🤖 AI Summary
Existing V2X cooperative perception research predominantly relies on simulation or static datasets, lacking empirical validation of the real-time feasibility of intermediate fusion in dynamic, real-world scenarios.
Method: We propose the first online cooperative perception framework deployed on a real-world vehicle-infrastructure cooperative platform, supporting early-, intermediate-, and late-fusion paradigms. It achieves millisecond-level end-to-end latency for intermediate fusion in complex urban environments.

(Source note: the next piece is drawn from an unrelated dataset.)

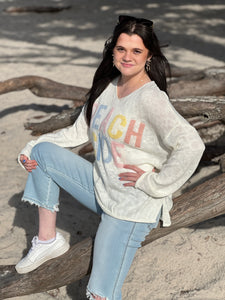 Beach Side Sweater - White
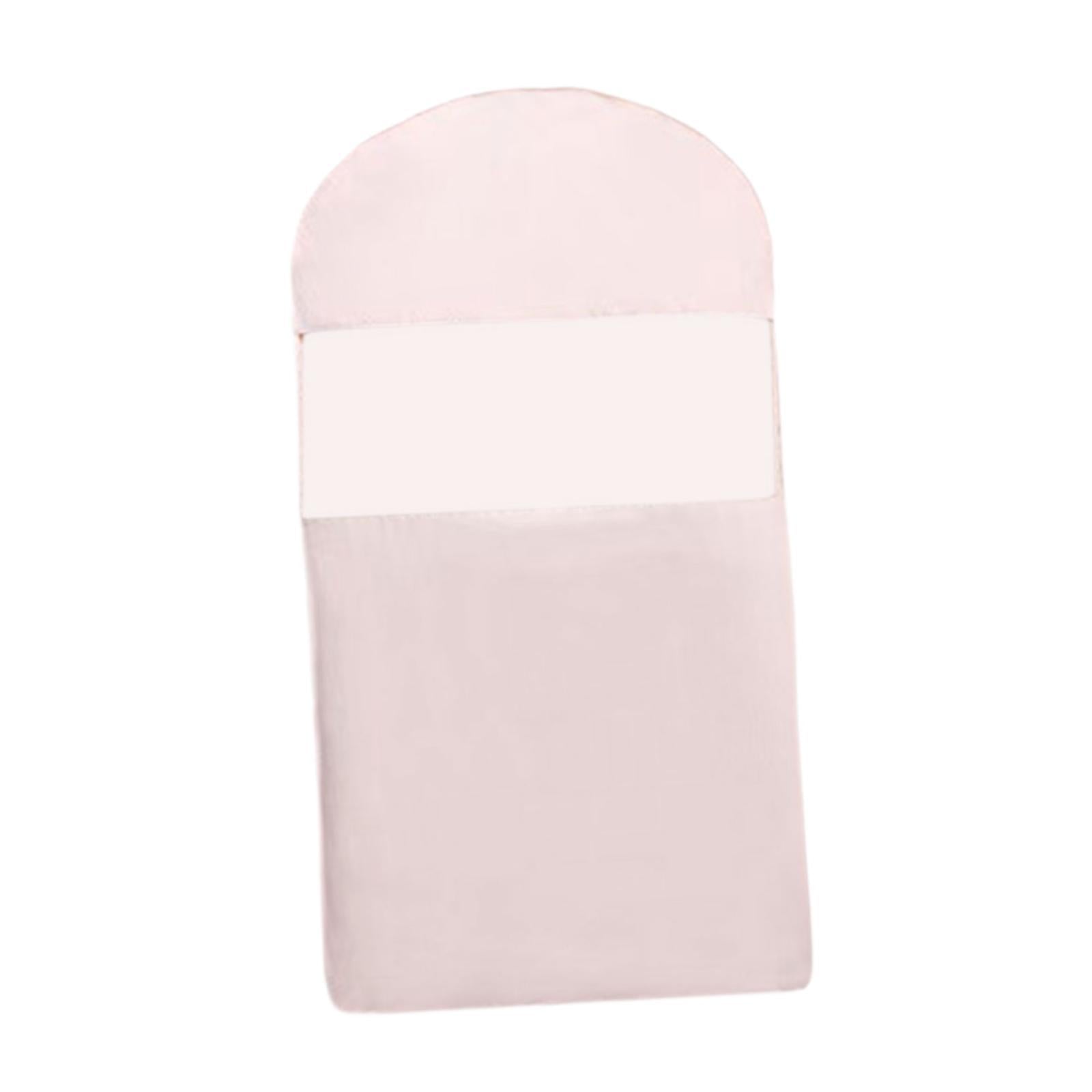 Garment Bag Clear Window Zipper Design Dress Bag for Travel Coats M Light Pink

Contribution/Results: We introduce a novel synchronized ROS Bag-based dynamic V2X benchmark dataset with fine-grained annotations—comprising 25,028 test frames and 6,850 keyframe annotations. The system integrates multi-sensor spatiotemporal synchronization, low-latency V2X communication protocols, and a dynamic annotation toolchain. Experimental results demonstrate significant improvements in occluded-region perception accuracy. This work provides critical empirical validation and an open-source infrastructure for engineering deployment of V2X intermediate fusion.
📝 Abstract
Cooperative perception enabled by Vehicle-to-Everything (V2X) communication holds significant promise for enhancing the perception capabilities of autonomous vehicles, allowing them to overcome occlusions and extend their field of view. However, existing research predominantly relies on simulated environments or static datasets, leaving the feasibility and effectiveness of V2X cooperative perception especially for intermediate fusion in real-world scenarios largely unexplored. In this work, we introduce V2X-ReaLO, an open online cooperative perception framework deployed on real vehicles and smart infrastructure that integrates early, late, and intermediate fusion methods within a unified pipeline and provides the first practical demonstration of online intermediate fusion's feasibility and performance under genuine real-world conditions. Additionally, we present an open benchmark dataset specifically designed to assess the performance of online cooperative perception systems. This new dataset extends V2X-Real dataset to dynamic, synchronized ROS bags and provides 25,028 test frames with 6,850 annotated key frames in challenging urban scenarios. By enabling real-time assessments of perception accuracy and communication lantency under dynamic conditions, V2X-ReaLO sets a new benchmark for advancing and optimizing cooperative perception systems in real-world applications. The codes and datasets will be released to further advance the field.